Automatic1111’s Stable Diffusion WebUI now works with Intel GPU hardware, thanks to the integration of Intel’s OpenVINO toolkit that takes AI models and optimizes them to run on Intel hardware. We’ve re-tested the latest release of Stable Diffusion to see how much faster Intel’s GPUs are compared to our previous results, with gains of 40 to 55 percent.
Stable Diffusion (that currently has our previous testing, though we’re working on updating the results) is a deep-learning AI model used to generate images from text descriptions. What makes Stable Diffusion special is its ability to run on local consumer hardware. The AI community has plenty of projects out there, with Stable Diffusion WebUI being the most popular. It provides a browser interface that’s easy to use and experiment with.
After months of work in the background (we’ve been hearing rumblings of this for a while now), the latest updates are now available for Intel Arc owners and provide a substantial boost to performance.
Check out the Stable Diffusion A1111 webui for Intel Silicon. Works with my A770 or can run on your CPU or iGPU. It’s powered by OpenVINO, so its optimized.😃Example of image on the right, pure prompting. Left is same image with increase detail on the eyes using InPainting.… pic.twitter.com/zpbQOMvJF3August 17, 2023
Here are the results of our previous and updated testing of Stable Diffusion. We used a slightly tweaked Stable Diffusion OpenVINO for our previous testing, and have retested with the fork of Automatic1111 webui with OpenVINO. We also retested several of AMD’s GPUs with a newer build of Nod.ai’s Shark-based Stable Diffusion. The Nvidia results haven’t been updated, though we’ll look at retesting with the latest version in the near future (and update the main Stable Diffusion benchmarks article when we’re finished).

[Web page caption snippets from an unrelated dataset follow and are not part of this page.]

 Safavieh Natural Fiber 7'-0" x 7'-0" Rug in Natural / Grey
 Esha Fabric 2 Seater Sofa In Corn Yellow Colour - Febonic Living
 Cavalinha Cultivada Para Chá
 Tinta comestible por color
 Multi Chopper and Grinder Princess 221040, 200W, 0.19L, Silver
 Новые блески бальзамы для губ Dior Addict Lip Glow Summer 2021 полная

We should note that we also changed our prompt, which makes the new results generally more demanding. (The new prompt is “messy room,” which tends to have a lot of tiny details in the images that require more effort for the AI to generate.) There’s variation between runs, and there are caveats that apply specifically to Arc right now, but here are the before/after results.
The Intel ARC and AMD GPUs all show improved performance, with most delivering significant gains. The Arc A770 16GB (Limited Edition, which is now discontinued) improved by 54%, while the A750 improved by 40% in the same scenario.

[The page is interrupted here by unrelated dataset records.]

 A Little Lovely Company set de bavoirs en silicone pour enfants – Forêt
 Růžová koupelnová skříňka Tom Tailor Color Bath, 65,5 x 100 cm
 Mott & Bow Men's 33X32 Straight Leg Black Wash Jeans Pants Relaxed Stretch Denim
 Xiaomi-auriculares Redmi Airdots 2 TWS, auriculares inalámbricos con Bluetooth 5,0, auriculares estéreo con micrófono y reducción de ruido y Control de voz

Nod.ai hasn’t been sitting still either. AMD’s RX 6800, RX 6750 XT, and RX 6700 10GB are all faster, with the 6800 and 6700 10GB in particular showing large gains. We’re not sure why the 6750 XT didn’t do as well, but the RX 6800 saw a performance boost of 34% and the RX 6700 10GB saw an even greater 76% performance improvement. The RX 6750 XT for some reason only saw a measly 9% increase, even though all three AMD GPUs share the same RDNA2 architecture. (We’ll be retesting other GPUs, including AMD’s newer RX 7000-series parts, in the near future.)
Again, we did not retest the three Nvidia RTX 40-series GPUs, which is why the performance statistics remain identical between the two graphs. Even so, with the new OpenVINO optimizations, Intel’s Arc A750 and A770 are now able to outperform the RTX 4060, and the A770 16GB is close behind the RTX 4060 Ti.
There’s still plenty of ongoing work, including making the installation more straightforward, and fixes so that other image resolutions and Stable Diffusion models work. We had to rely on the “v1-5-pruned-emaonly.safetensors” default model, as the newer “v2-1_512-ema-pruned.safetensors” and “v2-1_768-ema-pruned.safetensors” failed to generate meaningful output. Also, 768×768 generation currently fails on Arc GPUs — we could do up to 720×720, but 744×744 ended up switching to CPU-based generation. We’re told a fix for the 768×768 support should be coming relatively soon, though, so Arc users should keep an eye out for that update.